Thinking about it, these results do make sense given how much he relies on both his splitter and slider (combined to throw about 55 percent of the time), two pitches that are best thrown out of the zone. And sure enough, he hit the zone less than 39 percent of the time, 10 percentage points higher than the league-average rate. Even getting chases at a slightly above-average rate wasn’t enough to keep that walk rate in workable territory. Unless Sawamura can start inducing chases at an elite rate, it doesn’t feel like a zone rate this low is sustainable for him.
The walks were an issue all season, but they certainly started to show more in the second half, when he took a big step back overall from the first half. Prior to the All-Star break, he pitched to a 2.45 ERA while allowing a .300 wOBA. In the second half those numbers were 4.41 and .376, respectively. And the walk rate, for what it’s worth, jumped from 12 percent to 18 percent.

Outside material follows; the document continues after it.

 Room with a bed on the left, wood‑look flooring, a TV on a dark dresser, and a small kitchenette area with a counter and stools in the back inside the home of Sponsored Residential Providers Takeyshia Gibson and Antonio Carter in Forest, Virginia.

Now, there are a couple of reasons for this dip from what I can see. One is that he suffered an elbow injury that kept him on the shelf for a bit and perhaps could have been affecting him all second half. Additionally, his batted ball profile changed pretty substantially, with his ground ball rate jumped from 46 percent to 64 percent. That’s notable given the state of Boston’s infield defense. Granted, his walk rate and general lack of command did enough damage on its own, but ground balls weren’t exactly ideal in front of this defense in 2021.
The Big Question
Can Hirokazu Sawamura move quickly up the depth chart?

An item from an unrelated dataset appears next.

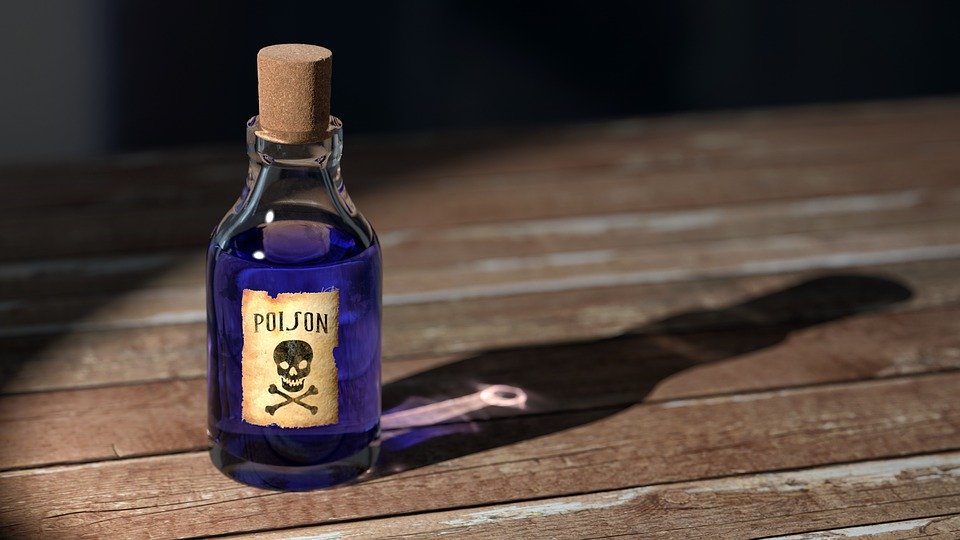 A bottle marked with a skull and crossbones, and the word poison, containing a dark purple liquid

I’m going to give this one a solid “sort of.” My blueprint for the bullpen coming into the season was only partially correct as I did not account for Garrett Whitlock being elite, so my theory was they needed someone to step up with Matt Barnes and Adam Ottavino as the number three. Clearly Sawamura was not better than Whitlock, but he was a late-inning arm for portions of this season, mostly in the first half. He wasn’t there by the end of the year and it’s hard to view him as such looking ahead to next year, but there were times he reached that point in 2021.
2022 and Beyond
Sawamura is under contract for another year in Boston, and he should very much be a part of the mix in a bullpen that is lacking in top-end talent right now. He’s going to be one of the most interesting players on the roster in my mind next season, as there is a decent case for him going in either direction. Pessimistically, the league now has a book on him and adjustments will take his splitter down a notch and his other pitches aren’t good enough to make up for it. More optimistically, he showed really interesting flashes and a little bit more polish around the zone after getting more settled in his new home isn’t out of the question. I would probably bet on him just being a fine middle reliever, but going in one direction or the other is certainly a possibility as well.
Data from Baseball Savant and FanGraphs.